Thanks for any clue on this, Frenk
Hi Frenk,
I am not sure what advise to give here. Both implementations look functionally correct, but the semantics of the optimizers in both compilers is converting in subtly different ways.
Let me see if I can find anything to help.
Hi again,
A colleague suggested this article in case you haven't seen it already:https://developer.arm.com/documentation/ka002170/
Regards, Ronan
Hi,
Thanks for this link. I already read it and do all the optimizations there for C, but they don't help. The only thing I have not done is using -Omax and using the LTO as we dont support LTO.
I will now focus into scatter if maybe I can get more free memory for the code.
Have also an idea to use this disassembly and pass it to the armasm, maybe it can do further optimizations.
Best regards and thanks again for all the support, Iknerf
Hello,
From my side I could not do any additional optimization. As I can see it, the armclang produces around 20% bigger code than if I use old compiler armcc. So must now think how to solve this issue, the last resort is to stick with the old, good compiler.
Best regards, Frenk
In addition I also see other errors that did not occur before. In the project for example I see that one parameter is set in 2 different sections and in 2 different files:
file1.c:
Scatter file has both section defined.
If I compile with the old compiler everything is fine, but with the new compiler I get error:
Error: L6200E: Symbol gTableLen multiply defined (by SysTest.o and PatchTable.o).

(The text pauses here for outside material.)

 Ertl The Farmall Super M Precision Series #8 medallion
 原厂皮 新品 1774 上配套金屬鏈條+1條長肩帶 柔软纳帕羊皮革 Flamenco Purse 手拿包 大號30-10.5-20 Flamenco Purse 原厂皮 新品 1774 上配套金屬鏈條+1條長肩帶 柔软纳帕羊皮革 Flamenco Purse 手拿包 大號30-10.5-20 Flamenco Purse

Should I maybe for this create a new post?
With regards, Frenk
That seems like a reasonable linker error. I'm surprised the older tools do not catch it?
So this is actually not possible? Or is there any way to do it like that?
I thought that because they are different sections, its something like having:
void func(void) {
int dummy = 0;
if (<condition>) {
// and here we are now using this local dummy and there is no problem with build.
No, the symbol will exist across the entire image.
Does it link if you declare them as static?
Hi Ronan,
Sadly its not working, but still have few ideas to try.
Did you get any additional news regarding the code optimization if I use armclang?
Thanks for your time and support, Iknerf
I removed some unused code, just to at least build and prepare the image. I hope that later we found some solution how I can decrease the code using the armclang.
I did not change the scatter file and when build is completed a post processing is being done, just to verify that everything is ok. But apparently linker puts the XO section on wrong place. As I see first 2 sections are placed ok and then the 3rd one is placed too far away. I tried manually to set the address using ABSOLUTE in the scatter file and the got following address:
Error: L6244E: Exec region ER_FLASH_LIB address (0x00200228) not aligned on a 256 byte boundary.I then added ALIGN 4 parameter, but the error is still there.Sadly as I found out I cant use the parameter --no_legacyalign as it seems its deprecated.
I am now going through armlink user guide if maybe I missed something. I really hope that the new armlink does not have this fixed inside for the XO sectionScatter file is as following:
FLASH 0x00200000 0x30000{FLASH_FUNC_TABLE +0 FIXED { *(FLASH_FUNC_TABLE_LENGTH, +First) *(FLASH_FUNC_TABLE_PAYLOAD) *(FLASH_FUNC_TABLE_CRC, +Last) }
ER_FLASH_PATCH +0 FIXED { *(FLASH_PATCH_LENGTH, +First) *(FLASH_PATCH_PAYLOAD) *(FLASH_PATCH_CRC, +Last) }
FLASH_CODE +0 FIXED{ *(FLASH_CODE_LENGTH, +First) .ANY (+RO) *(FLASH_CODE_CRC, +Last) }
...
Thanks for any advice, Iknerf
Hi Frenk
This is probably beyond the scope of what I can provide here - we would likely need reproducible examples to advise further.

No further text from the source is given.